== Segment start ==

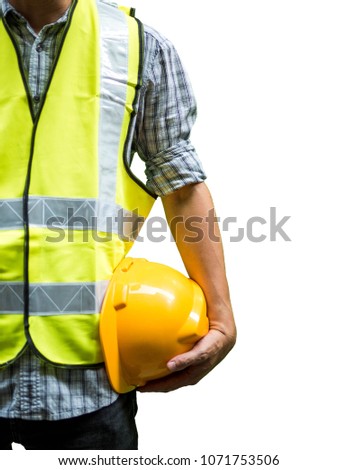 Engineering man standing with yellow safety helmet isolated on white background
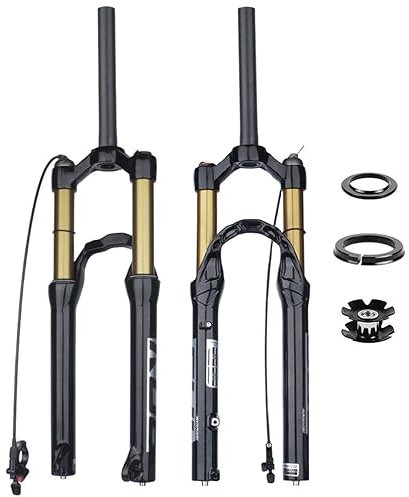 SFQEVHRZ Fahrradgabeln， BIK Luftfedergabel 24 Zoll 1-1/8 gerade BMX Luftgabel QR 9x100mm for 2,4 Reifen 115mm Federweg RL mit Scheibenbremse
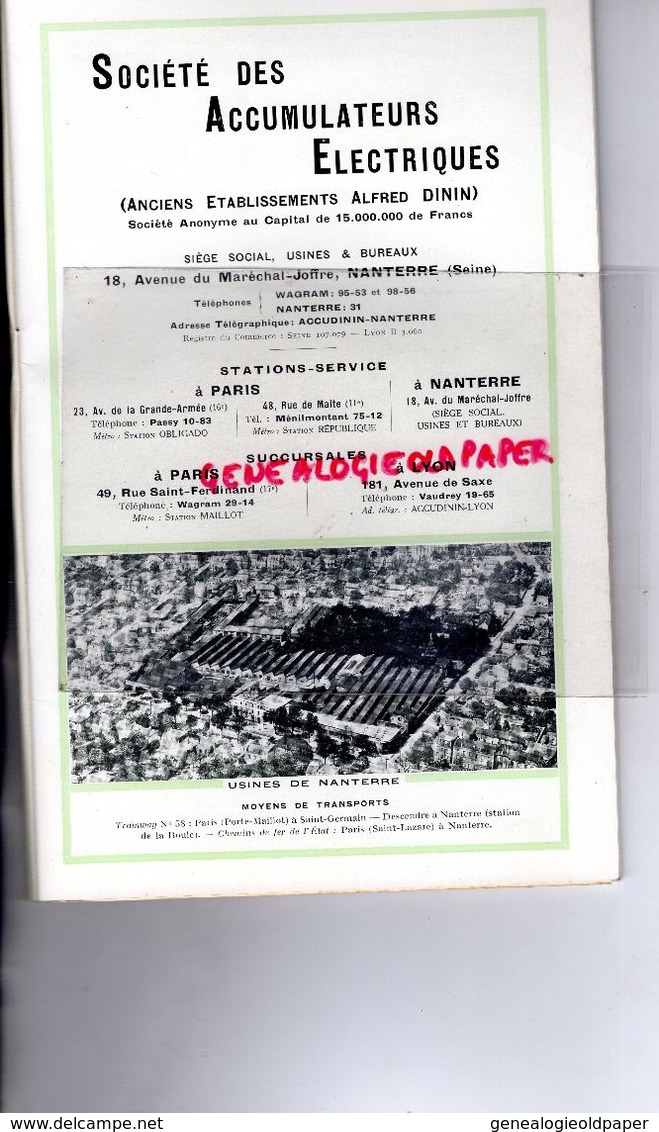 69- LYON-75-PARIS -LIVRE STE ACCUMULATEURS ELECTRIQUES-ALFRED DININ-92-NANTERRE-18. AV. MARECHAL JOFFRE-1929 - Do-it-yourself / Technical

== Segment end ==

- What is being asked:
Apart from the images, every line above is to be given again exactly.

- Exercise answer:
 Engineering man standing with yellow safety helmet isolated on white background
 SFQEVHRZ Fahrradgabeln， BIK Luftfedergabel 24 Zoll 1-1/8 gerade BMX Luftgabel QR 9x100mm for 2,4 Reifen 115mm Federweg RL mit Scheibenbremse
 69- LYON-75-PARIS -LIVRE STE ACCUMULATEURS ELECTRIQUES-ALFRED DININ-92-NANTERRE-18. AV. MARECHAL JOFFRE-1929 - Do-it-yourself / Technical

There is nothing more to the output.